BRIEF
Give a verbatim copy of the data, leaving the pictures out.

EXCERPTED RECORDS
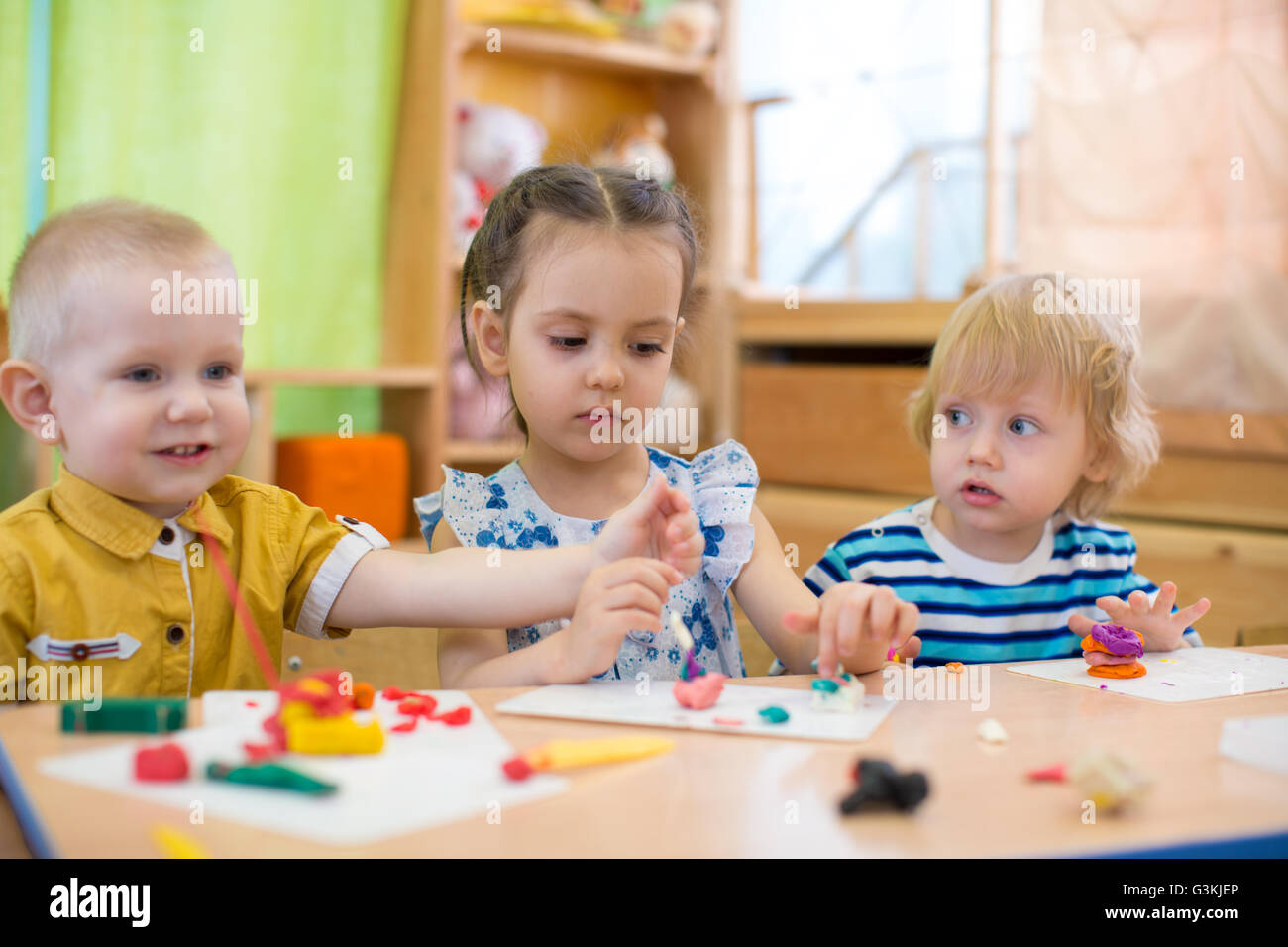 Faire de l'artisanat pour les enfants en garderie maternelle Banque D'Images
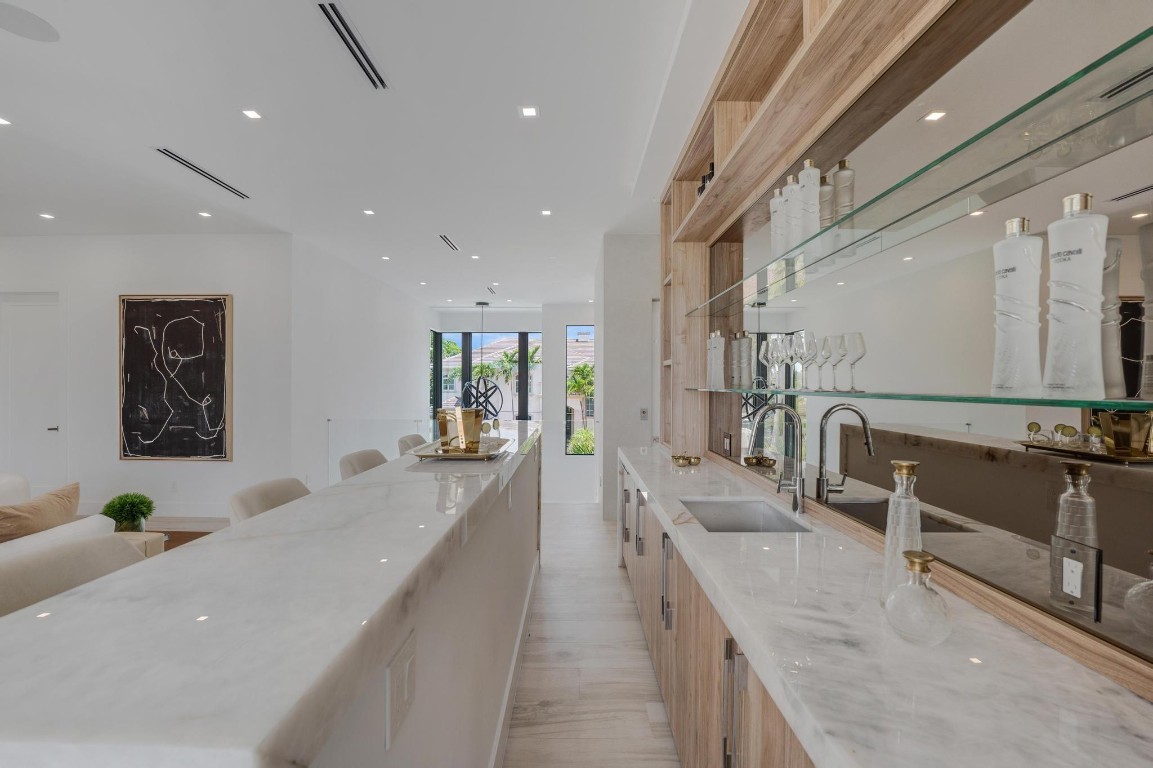 TROPIC ISLE - Residential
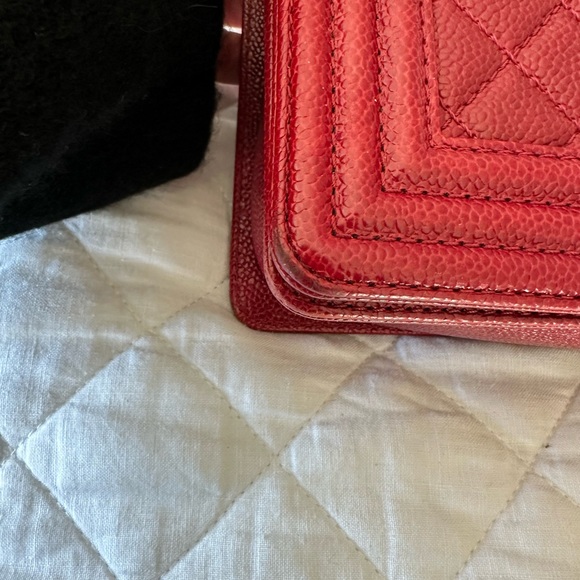 Chanel crossover Boy bag in great condition. It’s the new medium size. - Picture 4 of 5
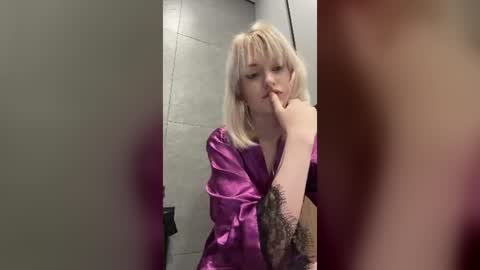 Lizzy online show from 08-05-26, 07:00
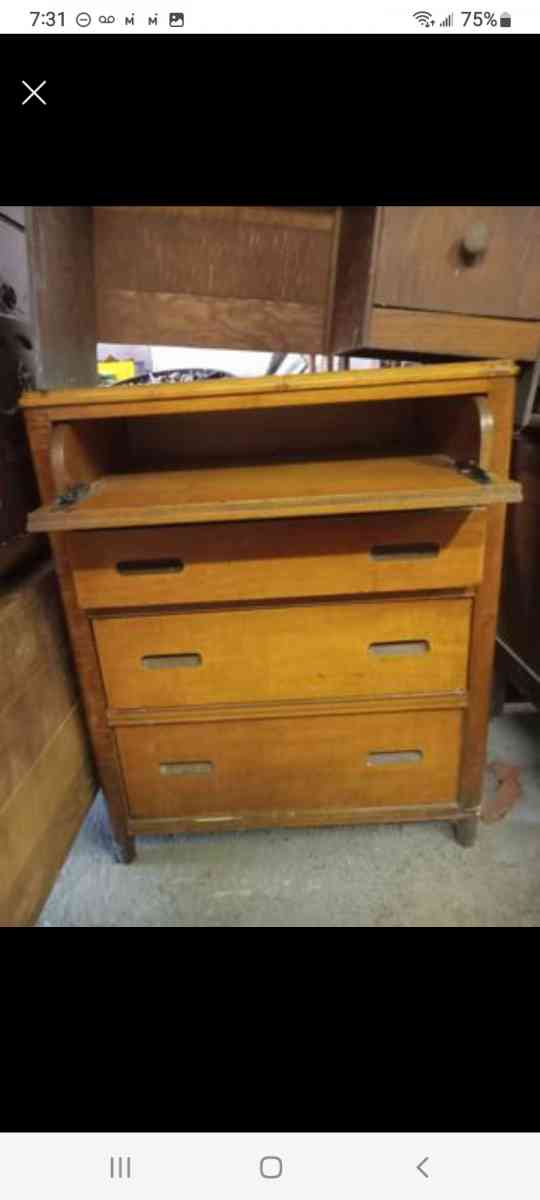 Antique Dresser - Strawberry Plains, Tennessee - FleaMarketBay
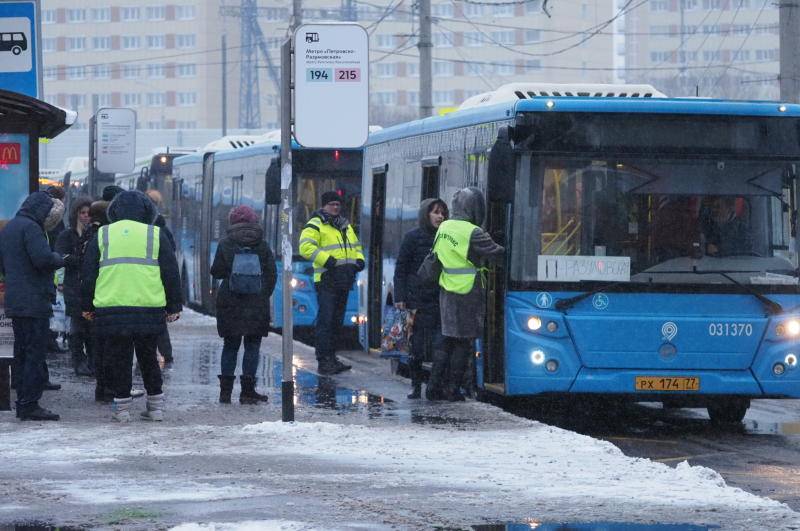 ЦОДД рекомендовал москвичам во вторник пользоваться общественным транспортом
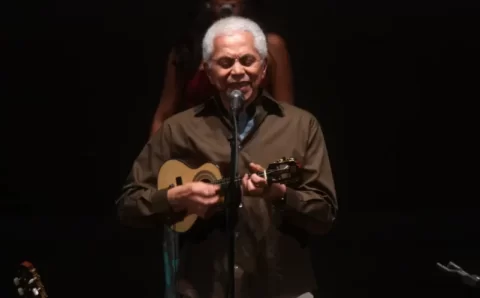 Paulinho da Viola tem “boa evolução” no 1º dia após cirurgia, diz boletim médico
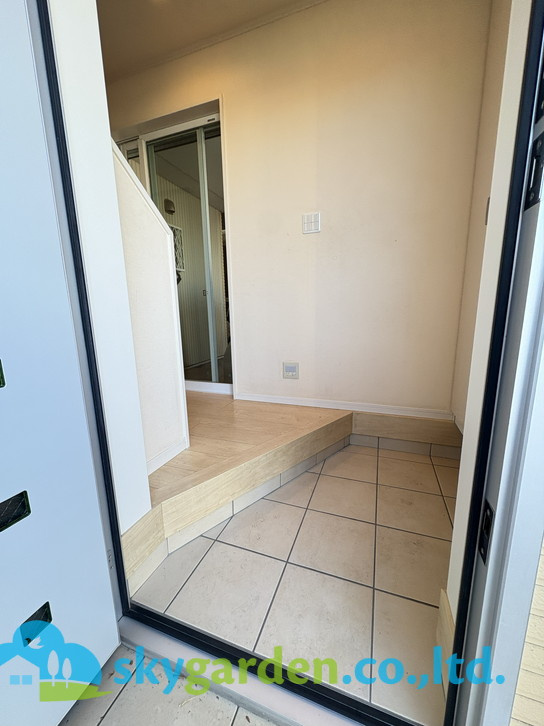 藤沢市みその台　中古戸建の玄関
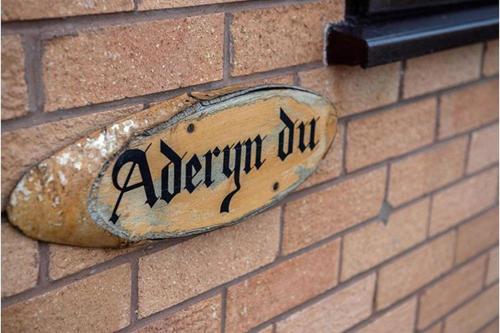 Aderyn Duに飾ってある許可証、賞状、看板またはその他の書類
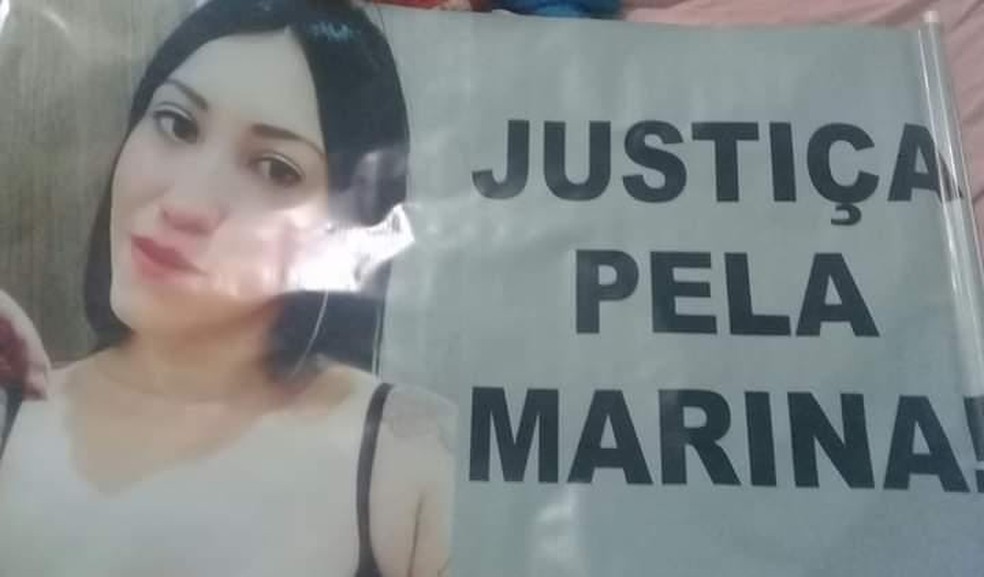 No enterro, família pediu justiça por Marina  — Foto: Arquivo pessoal 
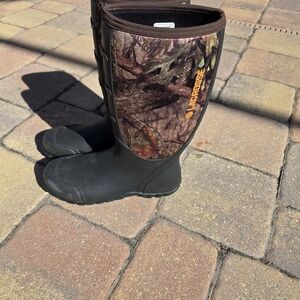 LaCrosse Camo and Black Boots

RESPONSE BOX
 Faire de l'artisanat pour les enfants en garderie maternelle Banque D'Images
 TROPIC ISLE - Residential
 Chanel crossover Boy bag in great condition. It’s the new medium size. - Picture 4 of 5
 Lizzy online show from 08-05-26, 07:00
 Antique Dresser - Strawberry Plains, Tennessee - FleaMarketBay
 ЦОДД рекомендовал москвичам во вторник пользоваться общественным транспортом
 Paulinho da Viola tem “boa evolução” no 1º dia após cirurgia, diz boletim médico
 藤沢市みその台　中古戸建の玄関
 Aderyn Duに飾ってある許可証、賞状、看板またはその他の書類
 No enterro, família pediu justiça por Marina  — Foto: Arquivo pessoal 
 LaCrosse Camo and Black Boots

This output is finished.